Los poemarios de Siles siempre suelen sorprendernos de una manera grata y
positiva. Si en el libro anterior, como en cualquiera de los suyos, sobresalían
la musicalidad y la textura crujiente de sus versos, en este que aquí
comentamos ambas cualidades sobresalen aún más, pues, no en balde, Jaime Siles
utiliza con una maestría singular la rima asonante, a veces también la
consonante, en poemas gozosos, de una belleza cristalina, que fulgen como
jardines melodiosos, como serenos y minúsculos parterres impregnados de una
brutal delicadeza: «Jardines que espejean/ su sombra derramada» (pág. 27). Cada
verso fulgura sencillo, incandescente, como un delicioso guijarro de cuarcita,
una de esas sutiles y amables piedrecitas que uno buscaba de niño con amor, y
un entusiasmo difícil de explicar, en las misteriosas minas de El Soldado, de
galena argentífera, muy cerca de mi pueblo, en cuyos humildes alrededores
abundaban la blenda, la pirita y el cuarzo blanco. Aquí en este libro hay un
tono iridiscente que todo lo empaña de una secular belleza. Este poemario de
Siles llega al tuétano, te inunda la sangre de una pureza mineral, de un olor
diamantino, suave, ajardinado: «Atravieso montañas donde el verde/ combate con
el gris, el hielo con el agua;/ la nieve con el rojo de una luz escarlata»

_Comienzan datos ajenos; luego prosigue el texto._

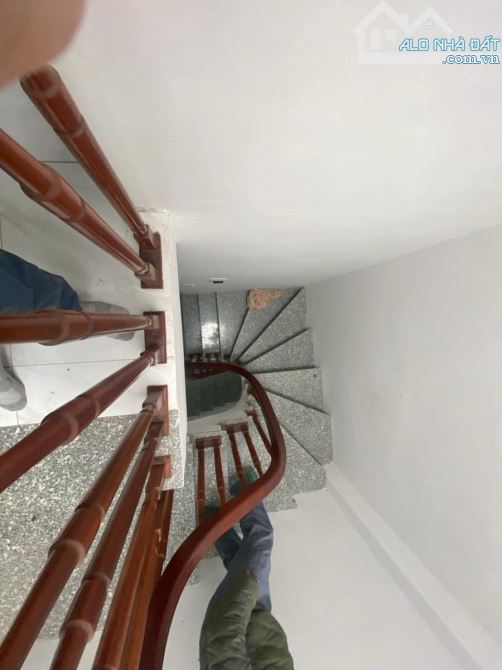 Nhà đẹp ở luôn Đông Ngạc Bắc Từ Liêm. Sổ vuông 31m 5 tầng 3 ngủ MT4m6 Giá 5.9 tỷ - 5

(pág. 119). En las casi doscientas páginas del libro, no hay ni un solo poema,
ni un solo verso, que sea frágil: cada pieza exuda una belleza mineral, pero
también ingrávida, emotiva: «El tiempo lanza ya/ sus últimos disparos/ sobre la
breve nieve/ pisada por los años» (pág. 127). Los versos anteriores, tan
certeros y tan simbólicos solo pueden haber sido escritos y perfilados por un
poeta enorme y magistral, como es Jaime Siles: pocos saben inocular tanta
armonía y música en sus versos. Aquí los poemas exudan una luz cálida que
armoniza y respira con la Naturaleza. Uno siente al transitar por este libro
que se halla en el fondo de una virginal galaxia donde todo relumbra y gira en
armonía. Los poemas transpiran, exhalan claridad, mágica nitidez, una virginal
belleza que nos acaba impregnando el corazón de una infinita y voraz
melancolía: «Estoy viendo la nada en pleno mediodía/ extender por el suelo sus
ocres casi súbitos» (pág. 55); cuánta pureza añil reconcentrada, también
diluida en este manojo de poemas, singulares guijarros llenos de blandas
irisaciones, como piedras de cuarzo o esquirlas de calcopirita que humildes
relumbran en las escombreras de esa mina, hoy en franco declive, que es la
poesía española, donde quieren vendernos gato por liebre a cada instante.
Dividido en cuatro apartados que armonizan, y se complementan en el fondo y
en la forma, este libro rebosa versos sutiles, zigzagueantes -«Espuma, las
palomas/ en lo alto del árbol» (pág. 134)- que se nos quedan aleteando entre
los ojos.
Hay piezas también de tono reflexivo, de indagación y de búsqueda del «yo»;
pero lo que más sobresale es el fulgor de esos jardines simbólicos, sagrados,
enquistados en cada poesía, en cada verso, de este magnífico Arquitectura
oblicua , en el que la luz proyecta un tono azul que ajardina las sombras de
nuestro interior, y nos hace más niños, más puros, más humanos.